[Start of Attachment]
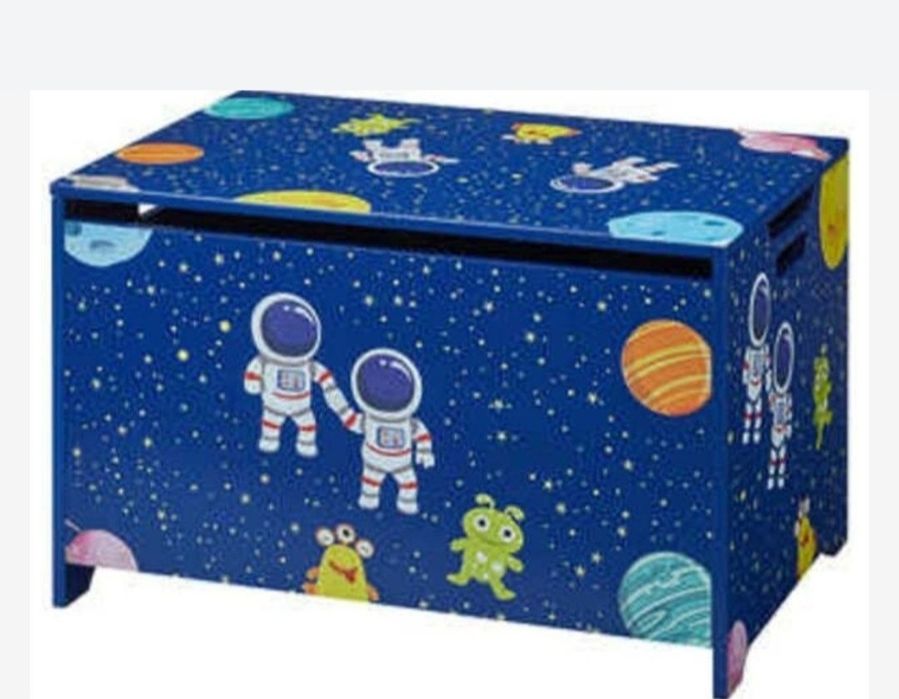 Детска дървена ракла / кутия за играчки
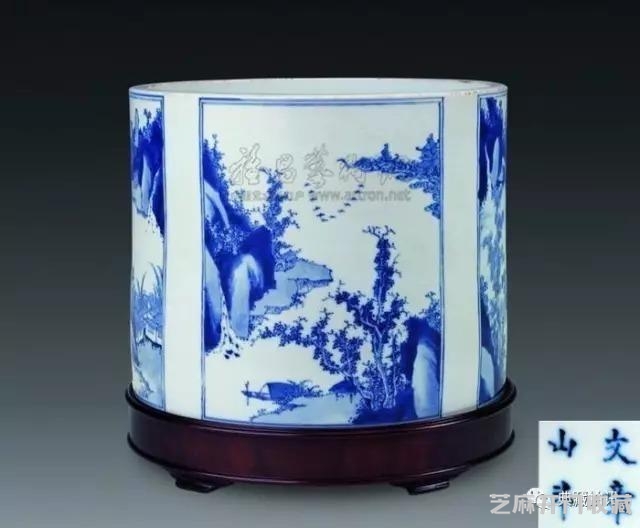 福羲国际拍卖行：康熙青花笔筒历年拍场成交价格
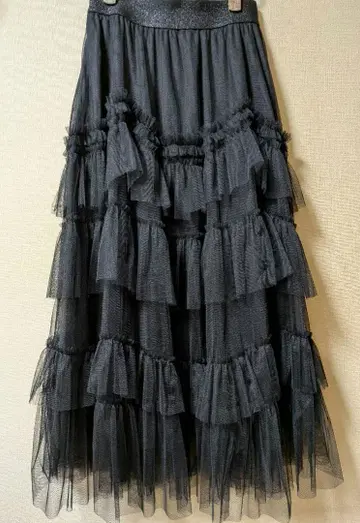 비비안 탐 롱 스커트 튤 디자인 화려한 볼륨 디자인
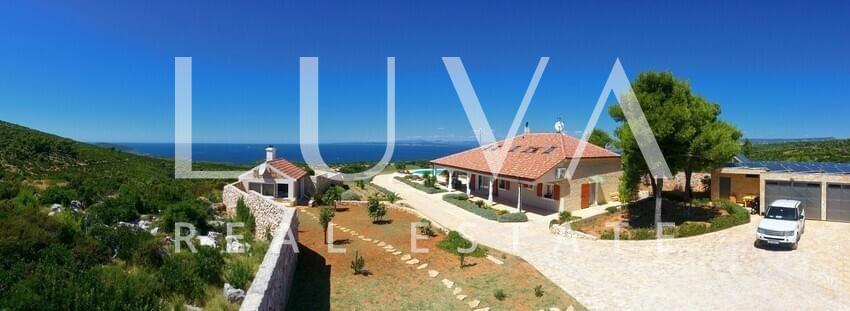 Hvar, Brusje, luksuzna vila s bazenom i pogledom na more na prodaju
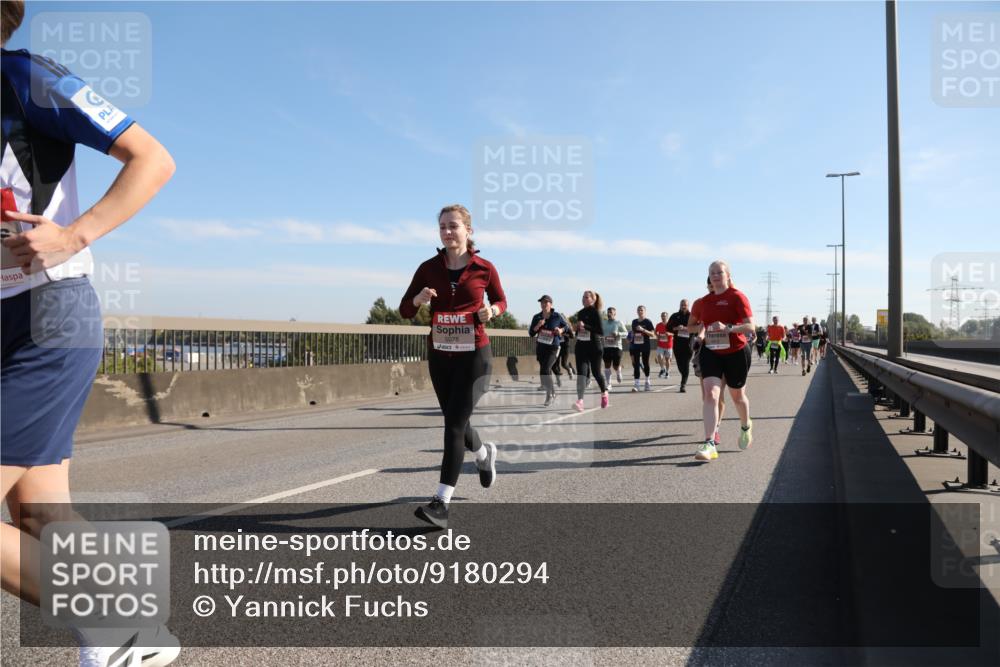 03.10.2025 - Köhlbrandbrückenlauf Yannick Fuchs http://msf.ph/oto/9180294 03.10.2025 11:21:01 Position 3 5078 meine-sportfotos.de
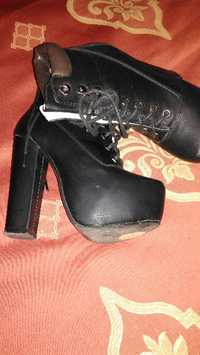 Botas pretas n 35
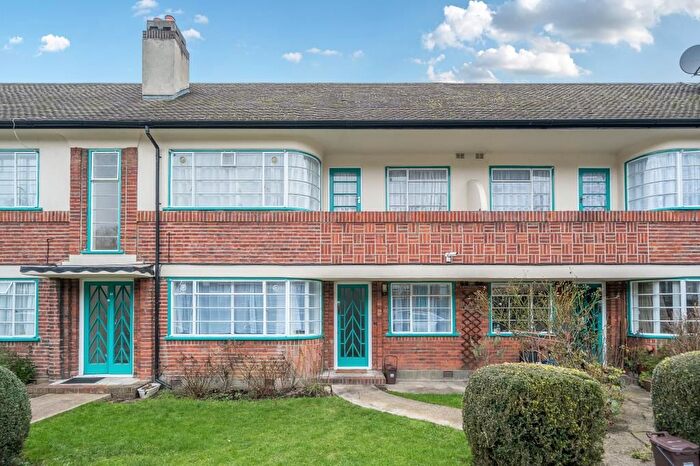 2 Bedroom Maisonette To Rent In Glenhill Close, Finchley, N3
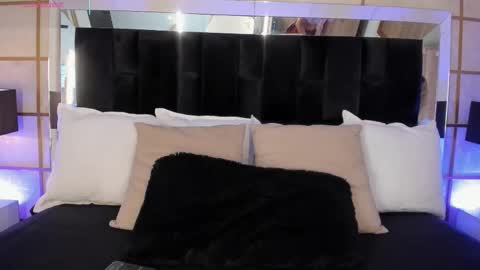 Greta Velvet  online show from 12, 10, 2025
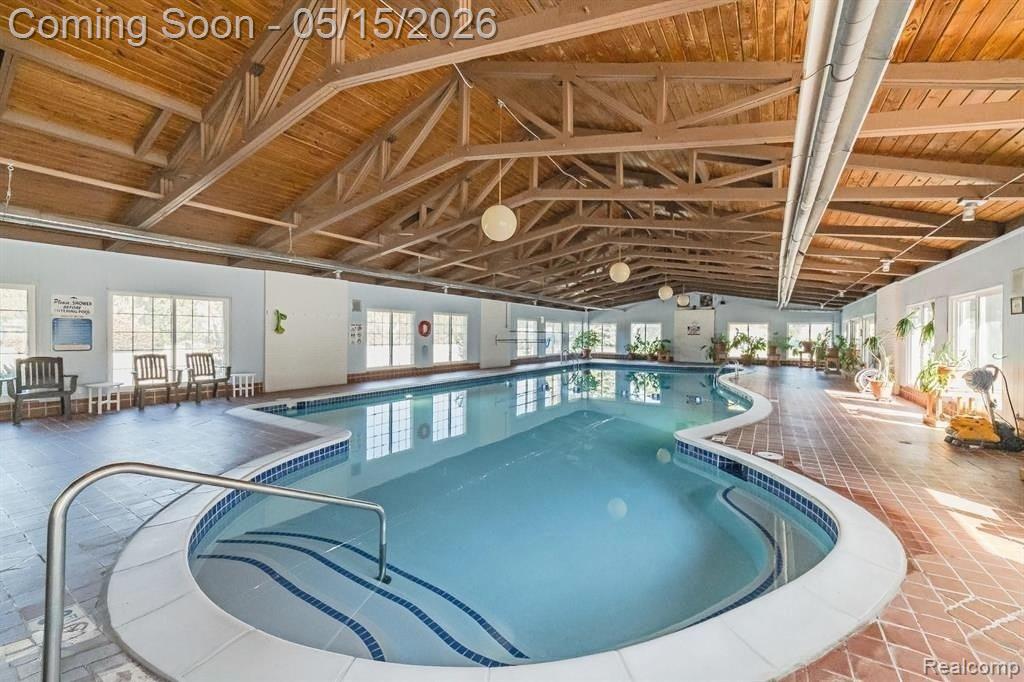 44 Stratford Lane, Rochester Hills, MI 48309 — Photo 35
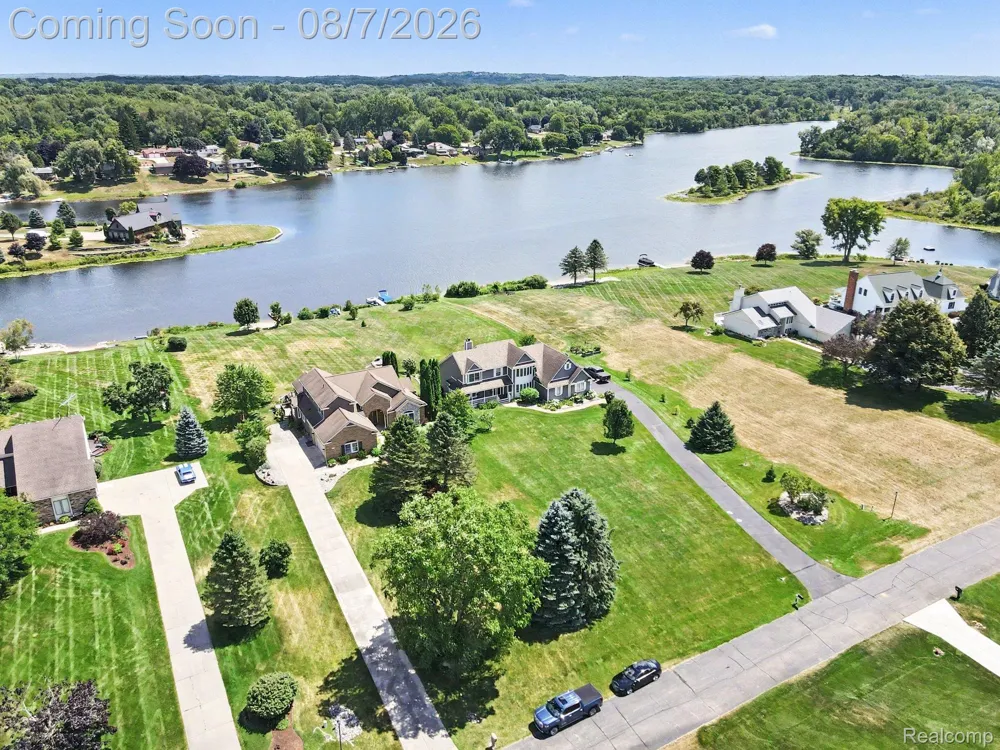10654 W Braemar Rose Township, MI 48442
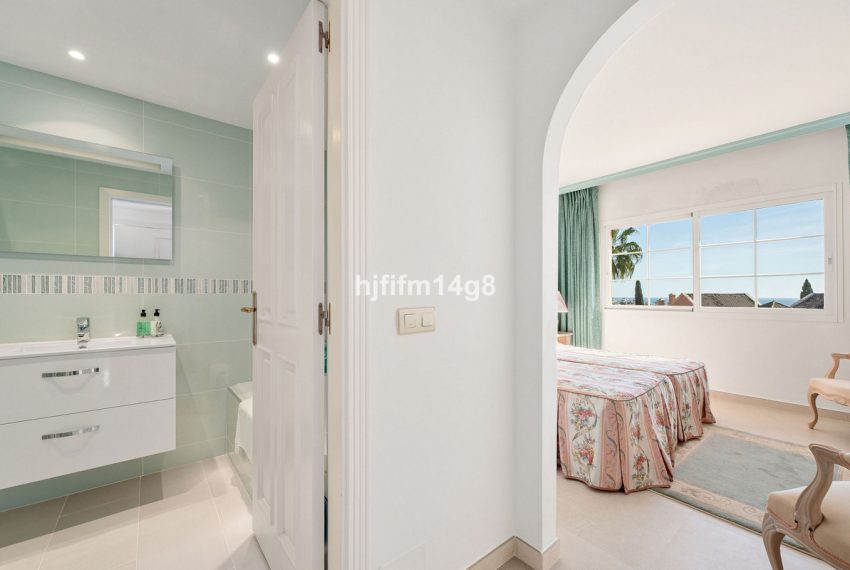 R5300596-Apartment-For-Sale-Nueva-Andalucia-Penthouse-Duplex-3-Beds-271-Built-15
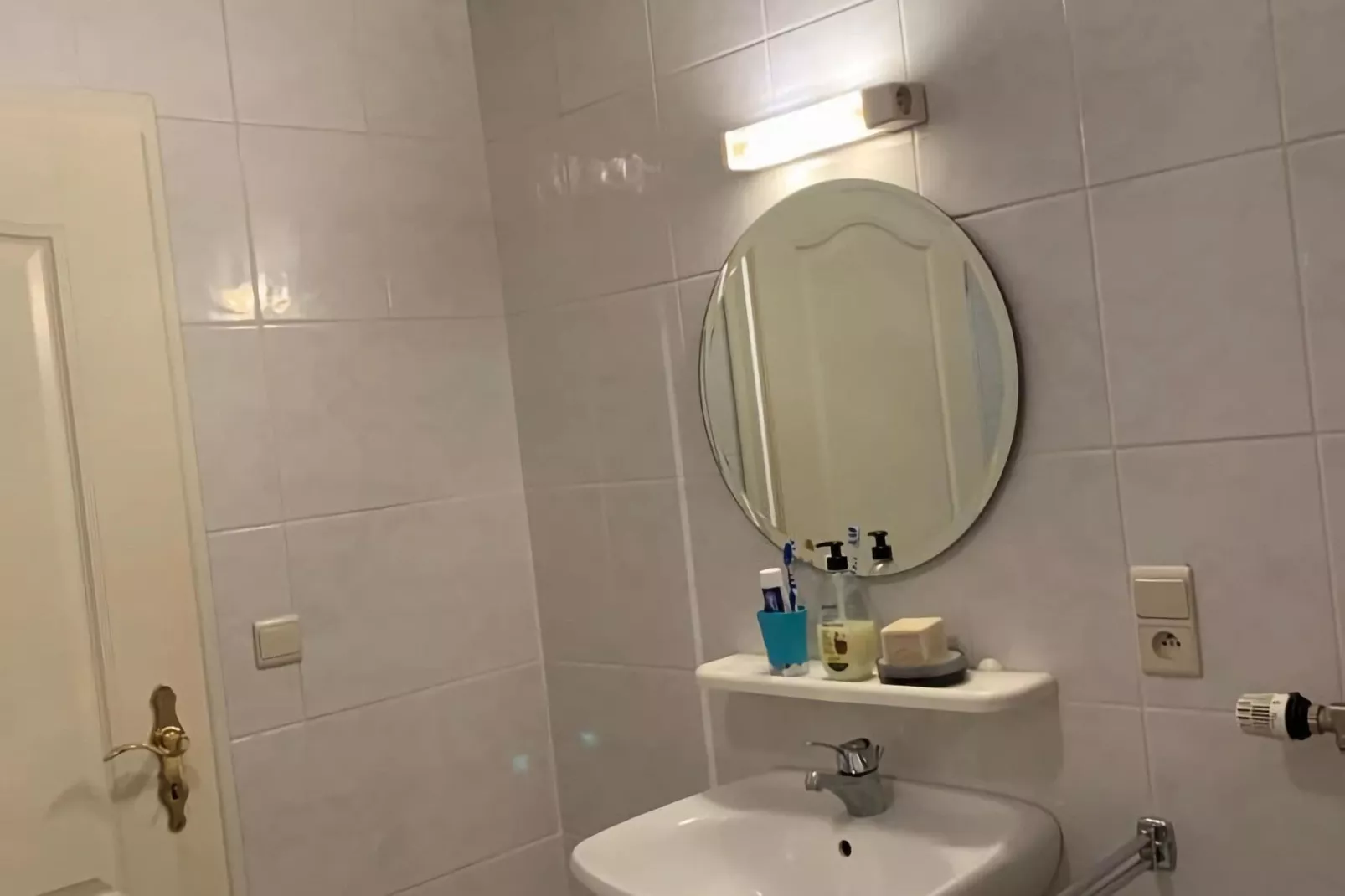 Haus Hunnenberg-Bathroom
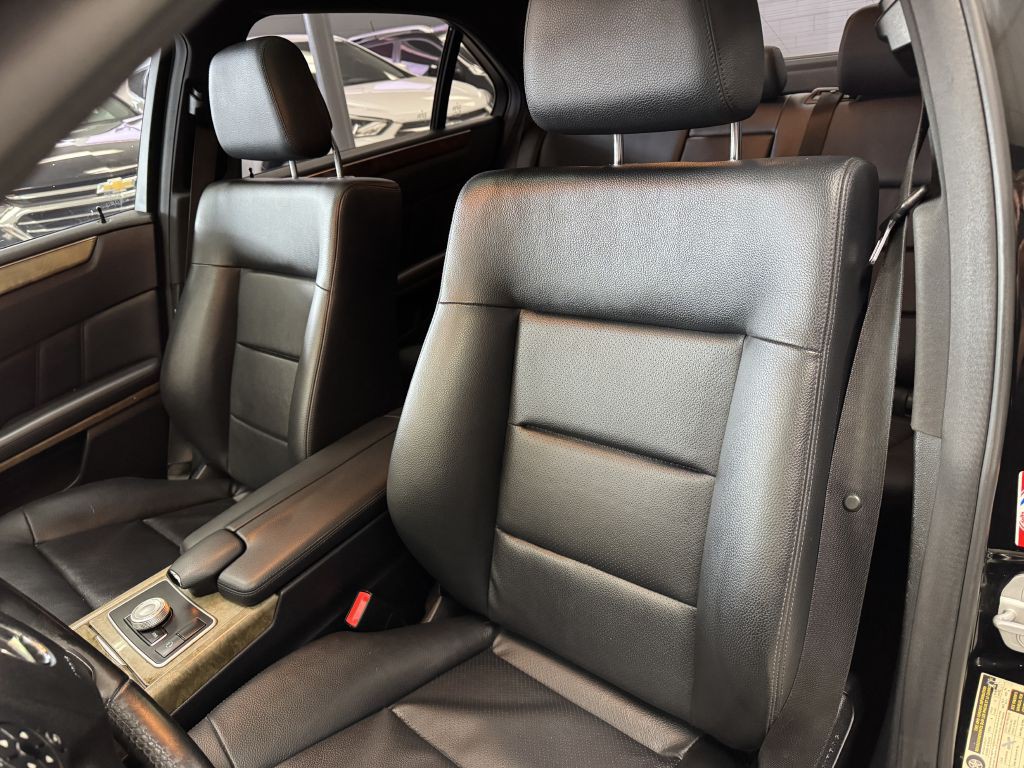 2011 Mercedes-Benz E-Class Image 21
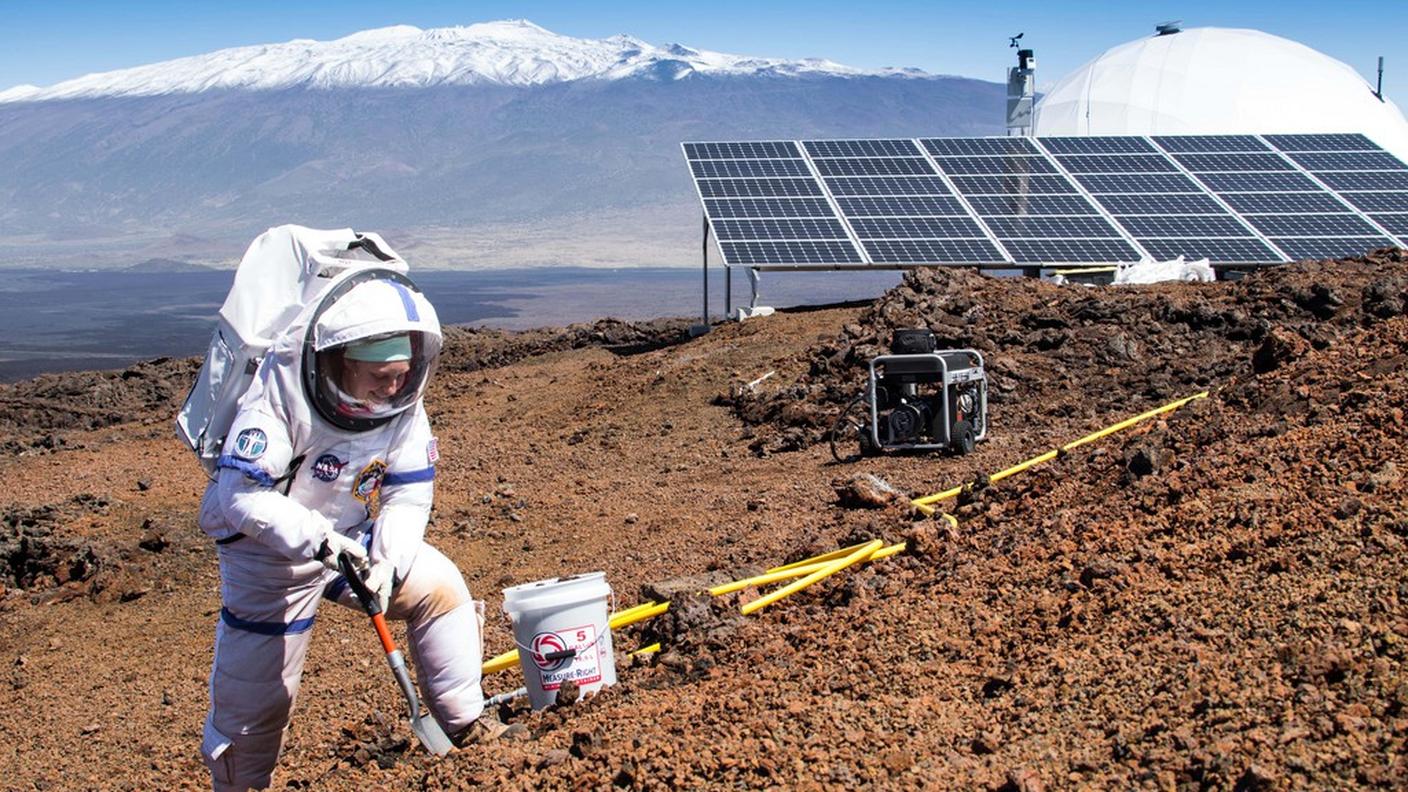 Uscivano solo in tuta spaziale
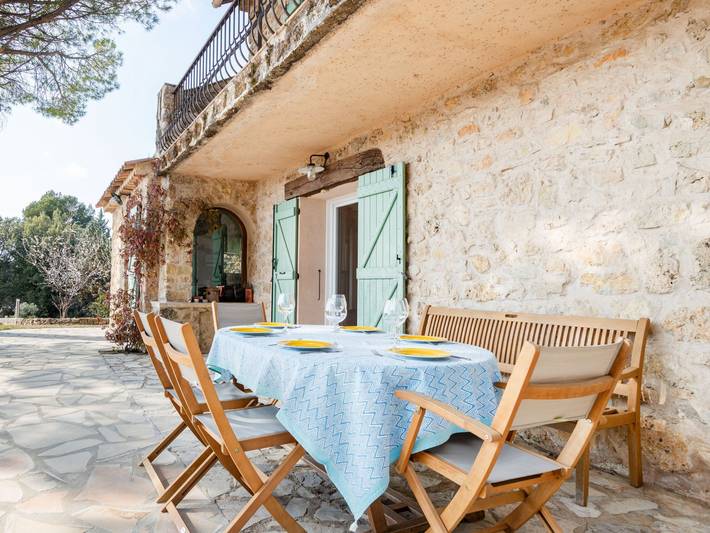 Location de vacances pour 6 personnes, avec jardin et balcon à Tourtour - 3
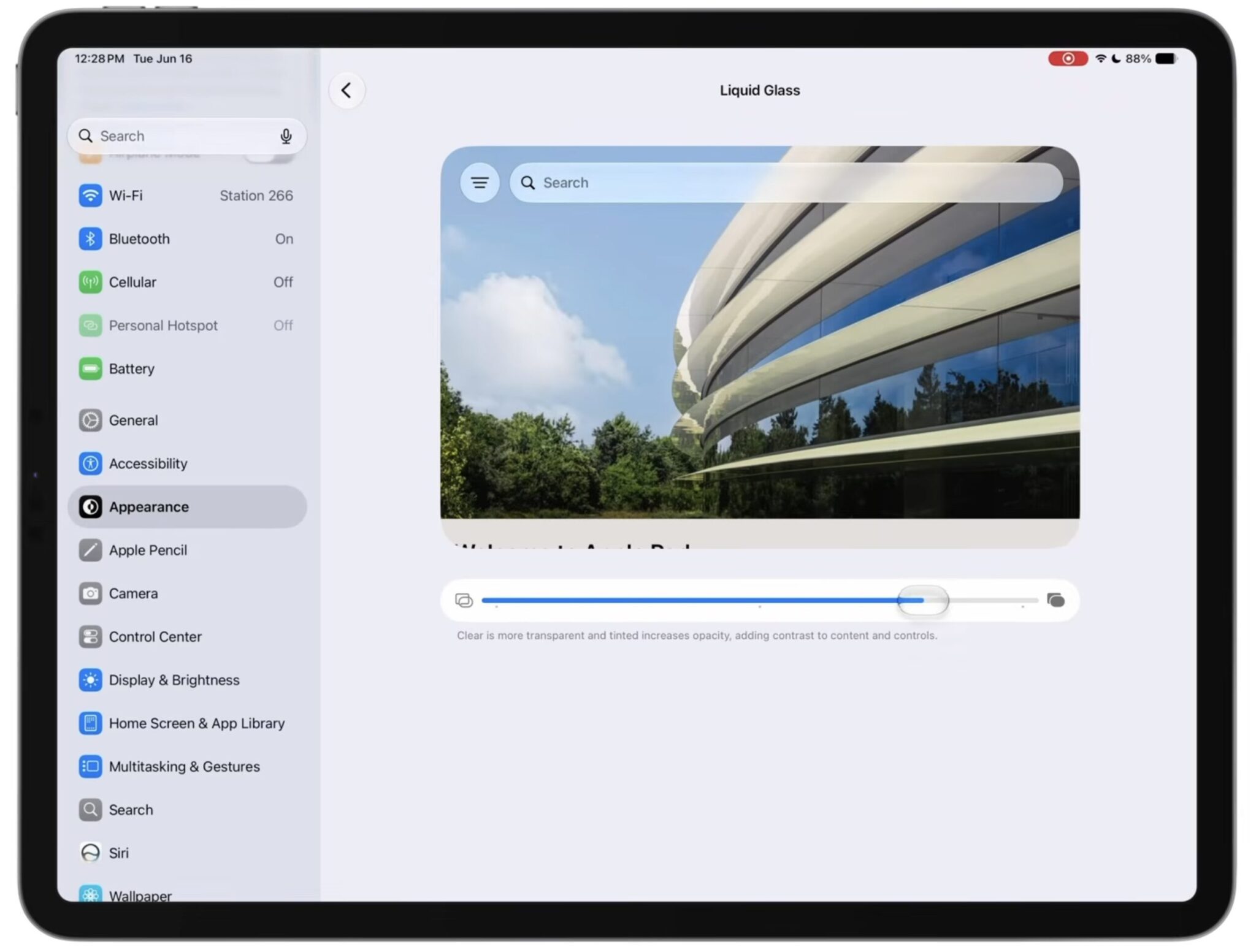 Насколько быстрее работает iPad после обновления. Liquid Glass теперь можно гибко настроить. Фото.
[End of Attachment]
Task instructions:
Take the material above from the line bearing "비비안 탐 롱 스커트 튤 디자인 화려한 볼륨 디자인" through the line bearing "Botas pretas n 35" and write it out exactly, both end lines included. Pictures stay out.

Written answer:
 비비안 탐 롱 스커트 튤 디자인 화려한 볼륨 디자인
 Hvar, Brusje, luksuzna vila s bazenom i pogledom na more na prodaju
 03.10.2025 - Köhlbrandbrückenlauf Yannick Fuchs http://msf.ph/oto/9180294 03.10.2025 11:21:01 Position 3 5078 meine-sportfotos.de
 Botas pretas n 35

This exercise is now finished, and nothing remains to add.